Determining Income & Expenses

Determining Monthly Income

Your current monthly income must be determined in order to file a bankruptcy case. Your current monthly income is the average monthly income from all sources for both you and your spouse (even if your spouse is not filing) for the six calendar months immediately preceding your bankruptcy case. If you are unmarried, are legally separated or living in a separate household, only your income is counted. 

Income from the following sources must be counted:

  • Gross income from wages, salary, tips, bonuses, overtime, and commissions
  • Net income from the operation of a business, profession or farm
  • Rent and other income from real property, less ordinary and operating expenses
  • Interest, dividends and royalties
  • Pension and retirement income (other than Social Security)

Determining Replacement Value of Your Personal Property

You will need to know the replacement value of any personal property you own when your bankruptcy case is filed. The replacement value of property you acquired for a personal, family or household purpose is the price a retail merchant would charge for property of that kind, considering the age and condition of the property at the time you're filing. The value of personal property that is subject to a valid lien or mortgage is the replacement value of the property as of the date the bankruptcy case is filed without deducting anything for the cost of selling or marketing the property.
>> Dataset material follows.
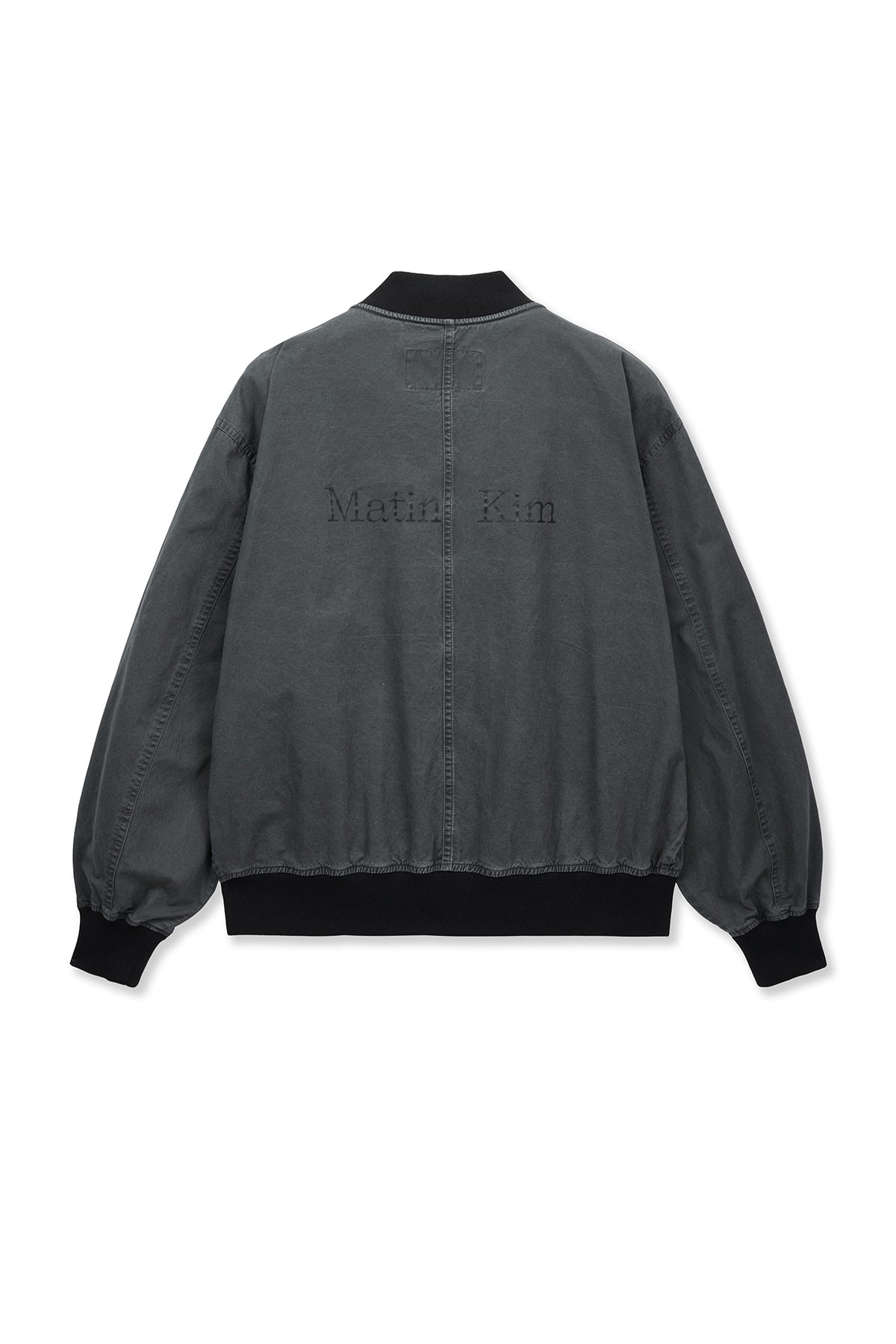 Matin Kim Vintage Washed Back Logo Jumper in Charcoal, premium Korean designer outerwear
Determining Monthly Expenses & Disposable Income

If the amount of your current monthly income multiplied by 12 does not exceed the median annual family income for your state and household size, as determined by the U.S. Census Bureau, then you will not be subject to means testing and you will not be required to calculate your monthly disposable income.

However, if the amount of your current monthly income multiplied by 12 exceeds the median annual family income for your state and household size, then the deductions from your current monthly income must be determined in order to define eligibility to file.
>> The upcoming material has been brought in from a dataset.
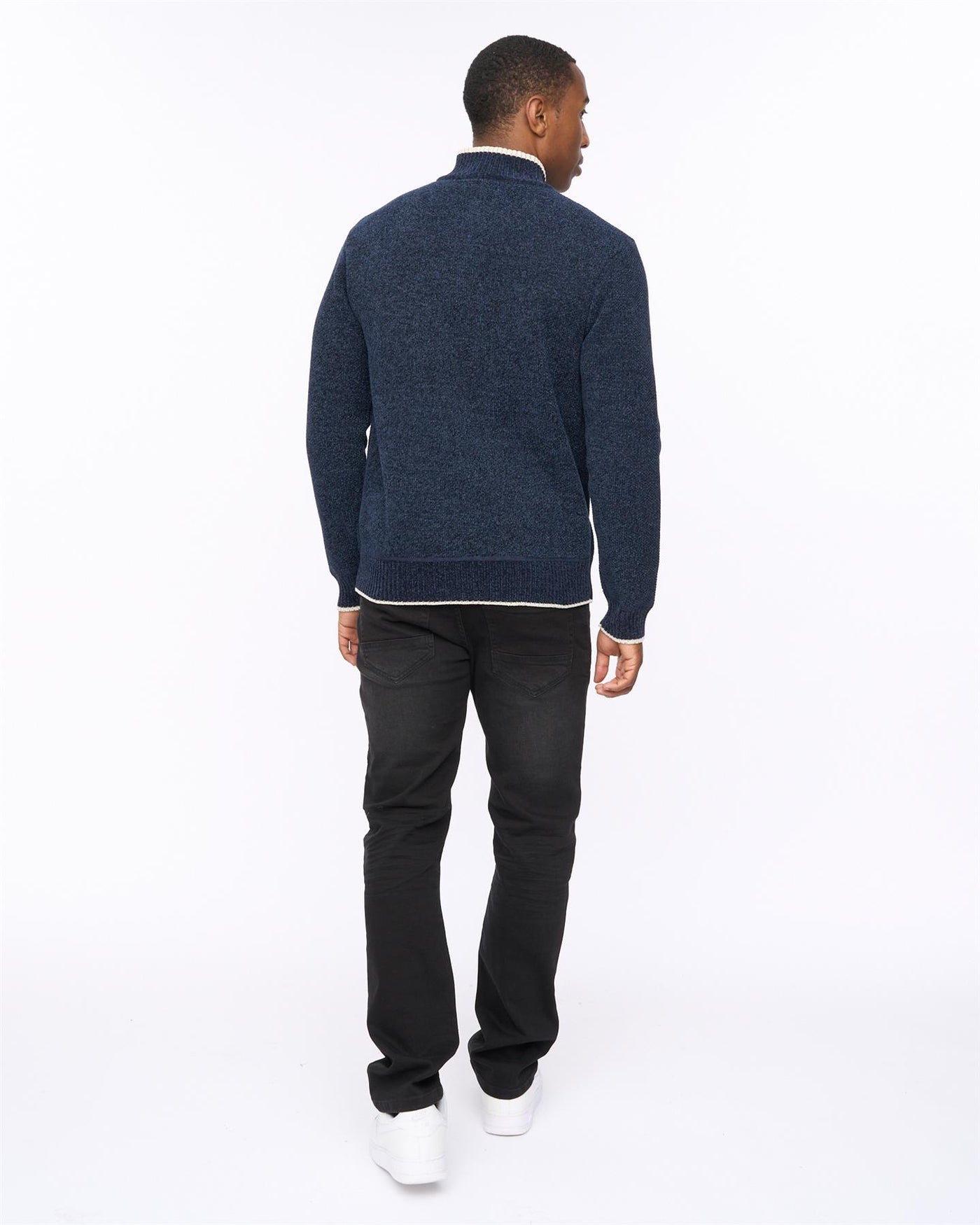 Mens Coldwell Chenille 1/4 Zip Knit Navy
Many of these deductions are not the amounts you actually spend each month, but the amounts calculated by the Internal Revenue Service (the IRS) as being the standard allowable monthly living expenses for a household of your size and income level. These expenses include food, clothing, household supplies, personal care and similar expenses, housing and utility expenses, mortgage or rent expenses, transportation expenses, and other necessary expenses including taxes, payroll deductions, life insurance, child or spousal support payments, education, childcare, healthcare, and telecommunications.
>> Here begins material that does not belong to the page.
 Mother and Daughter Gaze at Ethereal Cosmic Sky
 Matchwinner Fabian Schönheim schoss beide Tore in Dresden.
There is also a national standard expense for out- of-pocket health care expenses for members of your household. These standard expenses are listed on a Government website. Once we know your household size and the amount of your current monthly income, we will obtain this information for you.

In addition to the IRS standard expenses described in the paragraph above, you are allowed to deduct the average monthly amounts you actually spend each month for

  1. health or disability insurance and health savings account
  2. reasonable, necessary care and support of an elderly, chronically ill or disabled member of your household or immediate family
  3. protection against family violence
  4. regular charitable contributions you will continue to make after bankruptcy is filed

In addition, if you can prove that your average monthly home energy costs, allowances for food and clothing or other expenses exceed the amount specified in the IRS standards or are reasonable and necessary, you may deduct a portion of those expenses up to a certain amount specified by your case. In order to be able to deduct the actual expenses described in this paragraph you must provide the bankruptcy trustee with documents proving you actually incur these expenses and spend these amounts. Statements, bills or receipts from utility companies, food and clothing providers, and educational providers should be obtained so they can be given to the bankruptcy trustee. As indicated above, the total of all of your standard and permitted actual monthly expenses will be subtracted from your current monthly income to determine your monthly disposable income.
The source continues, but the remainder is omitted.